Note that this proposal,
$$ p(\theta \,|\, \omega, \lambda) \propto  e^{-\lambda\, d(\theta,\, \omega)}.$$
says that the closer (in edit distance) to the correct answer the more likely, more probably, that answer is. So this is a symmetric distribution that peaks at the correct answer.
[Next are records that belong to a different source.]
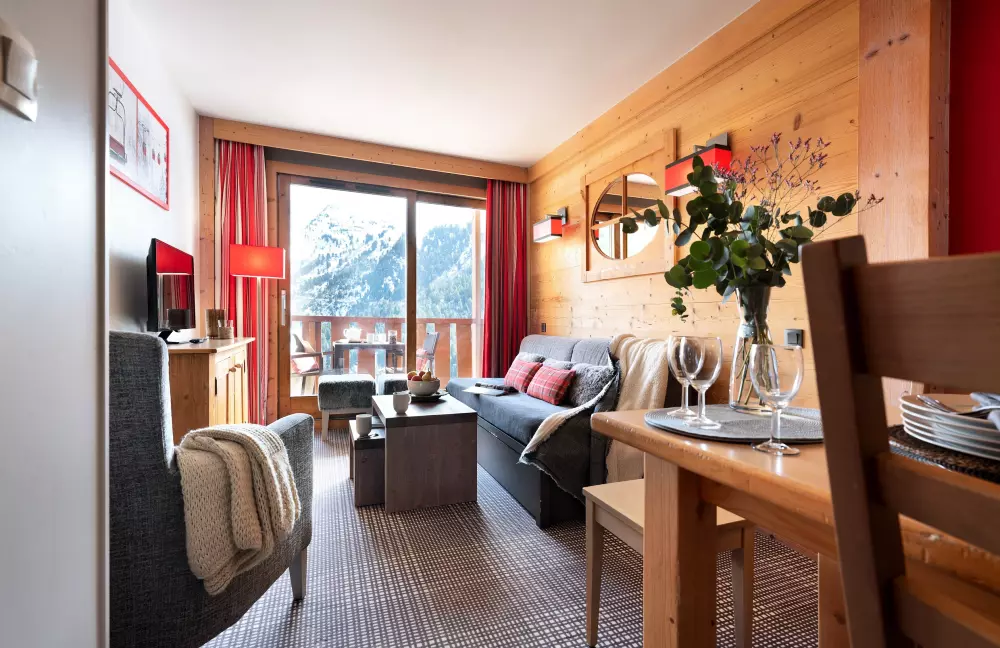 Pierre & Vacances Premium Residentie Les Crêts 4 Sterren★★★★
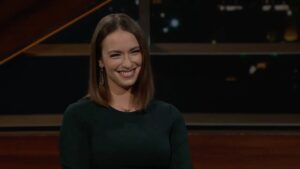 Julia Ioffe Instagram - Repost from @realtimers: 
• Do the Russian people know what's really going on in Ukraine? 
• Do they talk to their neighbors about it? 
• What doesn't fit in your ass and doesn't buzz? 

Russia expert & @puckdotnews founding partner @JuliaIoffe answers ALL THREE of these questions (and more!) on #RealTimeHBO. Stream the latest episode on @HBOMax.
From the math, you can see right away that $\lambda$ controls the "peakiness" like how concentrated the probability is around the correct answer (like how probable it is that you'd guess a super totally wrong one).


In [94]:
from functools import partial
import collections

def metropolis(p, qdraw, nsamp, xinit, burn):
    samples=[]
    x_prev = xinit
    accepted=0
    for i in range(nsamp):
        x_star = qdraw(x_prev)
        p_star = p(x_star)
        p_prev = p(x_prev)
        pdfratio = p_star/p_prev
        if np.random.uniform() < min(1, pdfratio):
            samples.append(np.array_str(x_star))
            x_prev = x_star
            accepted += 1
        else:#we always get a sample
            samples.append(np.array_str(x_prev))
            
    return samples[int(burn * nsamp):], accepted * 1. / len(samples)
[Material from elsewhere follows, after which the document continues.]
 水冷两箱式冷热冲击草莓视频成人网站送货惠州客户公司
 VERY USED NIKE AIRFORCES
omega = np.array([1, 2, 3, 4, 5])
proposal = lambda theta: np.random.permutation(theta)
d = lambda theta: len((theta - omega)[(theta - omega) != 0])
target_joint = lambda theta, l: np.e**(-l * d(theta))

lambdas = [0.2, 0.5,1.0]

for l in lambdas:
    target = partial(target_joint, l=l)

    x_init = np.array([2, 1, 3, 5, 4])
    print 'lambda = ', l
    num_samples = 500
    samples, accept = metropolis(target, proposal, num_samples, x_init, burn=0)
    print 'accept percent:', accept
    vals, counts = np.unique(samples, return_counts=True)
    top_5 = counts.argsort()[-5:][::-1]
    print 'top 5 guesses:', vals[top_5]
    print 'frequencies:', counts[top_5]
    print '\n\n'

lambda =  0.2
accept percent: 0.874
top 5 guesses: ['[1 2 3 4 5]' '[3 2 1 4 5]' '[5 2 3 4 1]' '[1 2 5 4 3]' '[1 4 2 3 5]']
frequencies: [20 12 11 11 10]



lambda =  0.5
accept percent: 0.658
top 5 guesses: ['[1 2 3 4 5]' '[1 4 3 2 5]' '[1 3 2 4 5]' '[1 2 4 5 3]' '[1 2 5 3 4]']
frequencies: [51 24 17 15 11]



lambda =  1.0
accept percent: 0.44
top 5 guesses: ['[1 2 3 4 5]' '[2 1 3 4 5]' '[1 3 2 4 5]' '[1 2 3 5 4]' '[1 2 5 4 3]']
frequencies: [77 39 31 18 17]





So the larger the lambda, the more likely you're to guess the right answer and the more tightly you're guesses will cluster around the right answer.

To compute $p(\text{shawshank is top} | lambda)$, we count how many guesses have 1 in the first entry.

In [111]:
for l in lambdas:
    target = partial(target_joint, l=l)

    x_init = np.array([2, 1, 3, 5, 4])
    print 'lambda = ', l
    num_samples = 500
    samples, accept = metropolis(target, proposal, num_samples, x_init, burn=0)
    vals, counts = np.unique(samples, return_counts=True)
    top_5 = counts.argsort()[-5:][::-1]
    print 'top 5 guesses:', vals[top_5]
    print 'frequencies:', counts[top_5]
    print 'p(shawshank ranked top | lambda): ', len([s for s in samples if '[1 ' in s])  * 1. / len(samples)
    print '\n\n'
   

lambda =  0.2
top 5 guesses: ['[1 5 3 4 2]' '[1 2 3 4 5]' '[1 4 3 2 5]' '[1 2 3 5 4]' '[3 4 2 1 5]']
frequencies: [15 14 12 10  9]
p(shawshank ranked top | lambda):  0.276



lambda =  0.5
top 5 guesses: ['[1 3 2 4 5]' '[1 2 3 4 5]' '[1 4 3 2 5]' '[1 5 3 4 2]' '[3 2 1 4 5]']
frequencies: [23 17 16 15 14]
p(shawshank ranked top | lambda):  0.294



lambda =  1.0
top 5 guesses: ['[1 2 3 4 5]' '[3 2 1 4 5]' '[1 4 3 2 5]' '[5 2 3 4 1]' '[1 3 2 4 5]']
frequencies: [138  36  26  25  19]
p(shawshank ranked top | lambda):  0.528





So, $p(\text{shawshank is top} | lambda)$ increases as lambda increases.